**PROBLEM TO WORK ON:** Down to the last line below, write out every line exactly, starting with the one that contains "Pergola tarasowa ogrodowa" and leaving out the pictures.

Segment Start: EXCERPTED DATA

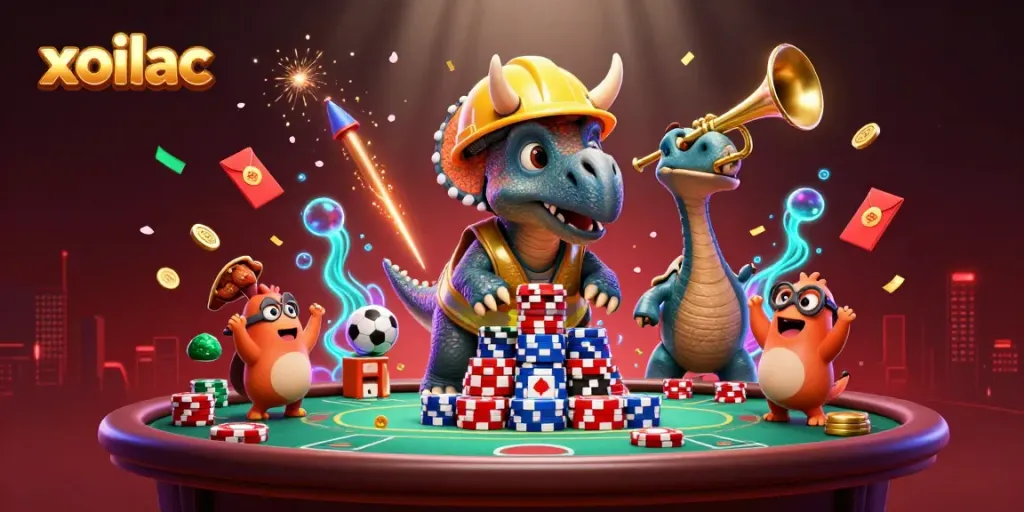 Experience the thrill of gambling with Xoilac's vibrant virtual scene featuring dynamic characters and rich casino elements.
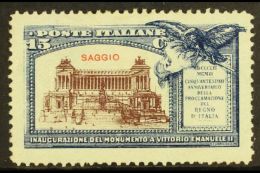 1911 15c Victor Emmanuel II Monument ESSAY, Perf 11 With "SAGGIO" Opt In Red, CEI Catalogue P86A, Fine Mint With... - Non Classificati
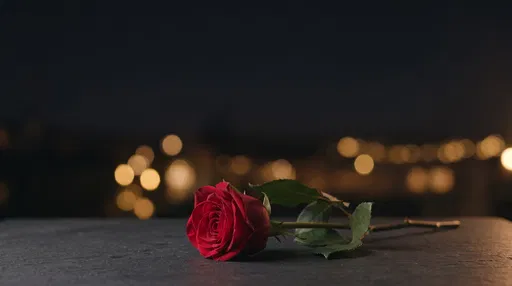 Single Red Rose on Dark Slate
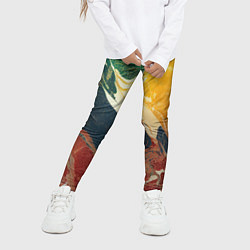 Леггинсы для девочки Мраморная радуга, цвет: 3D-принт — фото 2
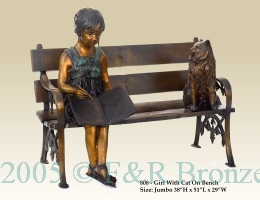 Girl with Cat on Bench bronze reproduction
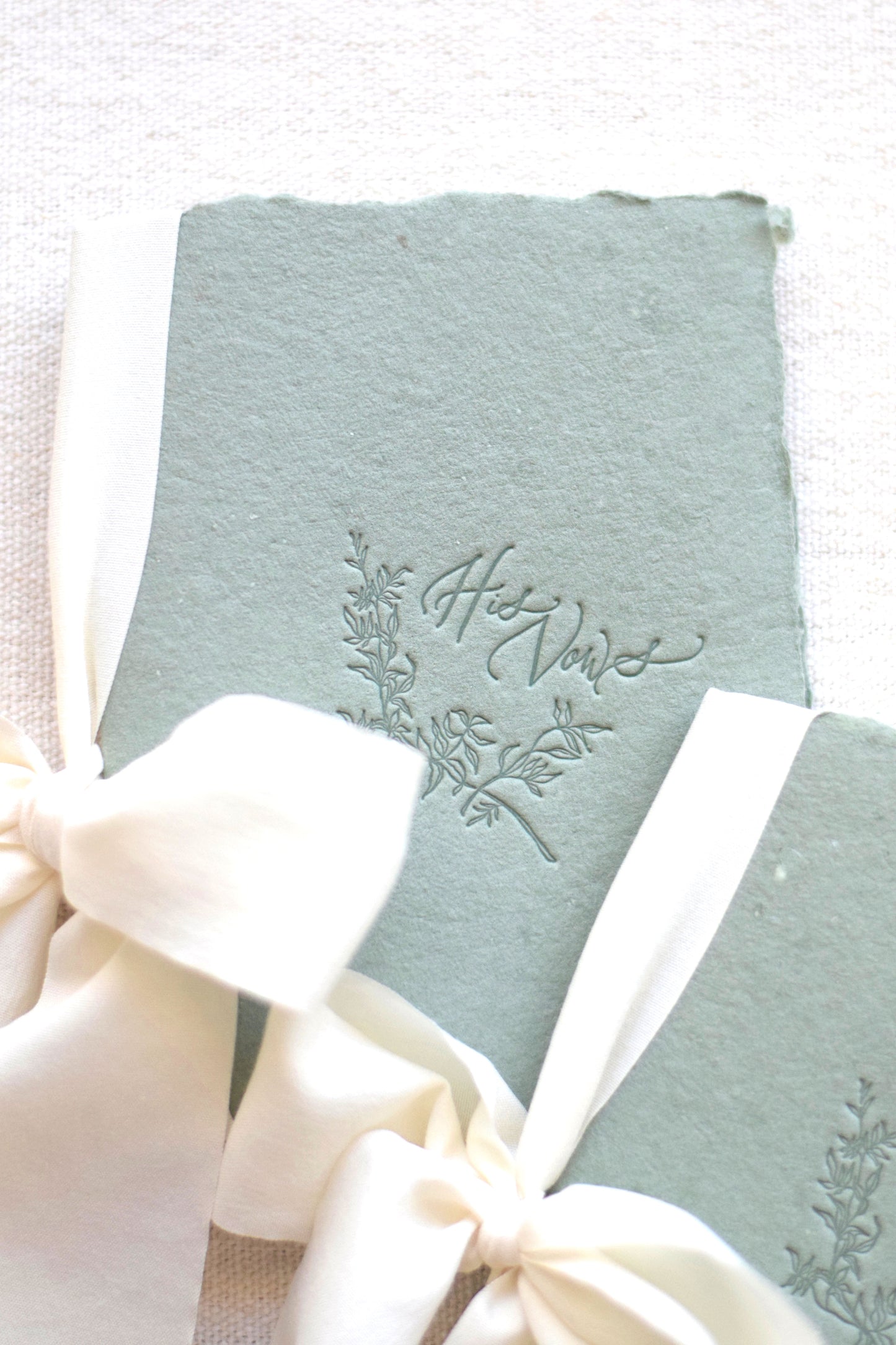Sage Green and White Letterpress Vow Booklets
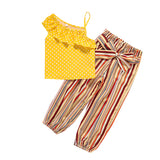 Kid Girls Wave Dot Suspenders Stripe Summer 2 Pcs Set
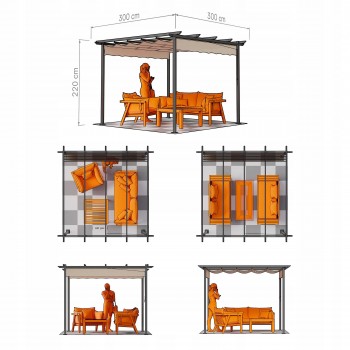 Pergola tarasowa ogrodowa - metalowa - Milos I 3x3m beżowa GRINDI IN THE GARDEN - 7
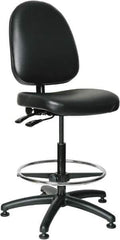 Bevco - 24 to 34" High Adjustable Height Swivel Stool - 27" Wide x 27" Deep, Vinyl Seat, Black - Eagle Tool & Supply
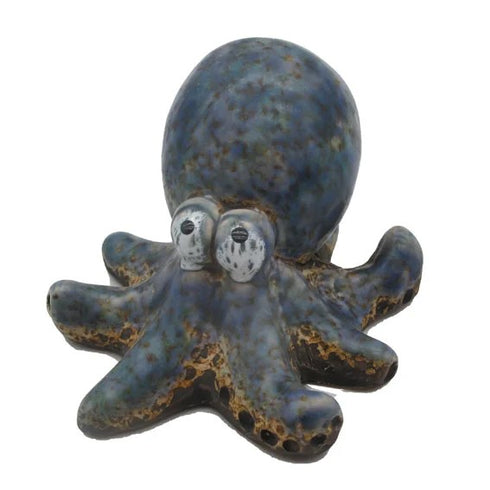 Ceramic octopus for decoration, H8.5cm, Blue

Segment End: EXCERPTED DATA

**OUTPUT OF THE TASK:**
 Pergola tarasowa ogrodowa - metalowa - Milos I 3x3m beżowa GRINDI IN THE GARDEN - 7
 Bevco - 24 to 34" High Adjustable Height Swivel Stool - 27" Wide x 27" Deep, Vinyl Seat, Black - Eagle Tool & Supply
 Ceramic octopus for decoration, H8.5cm, Blue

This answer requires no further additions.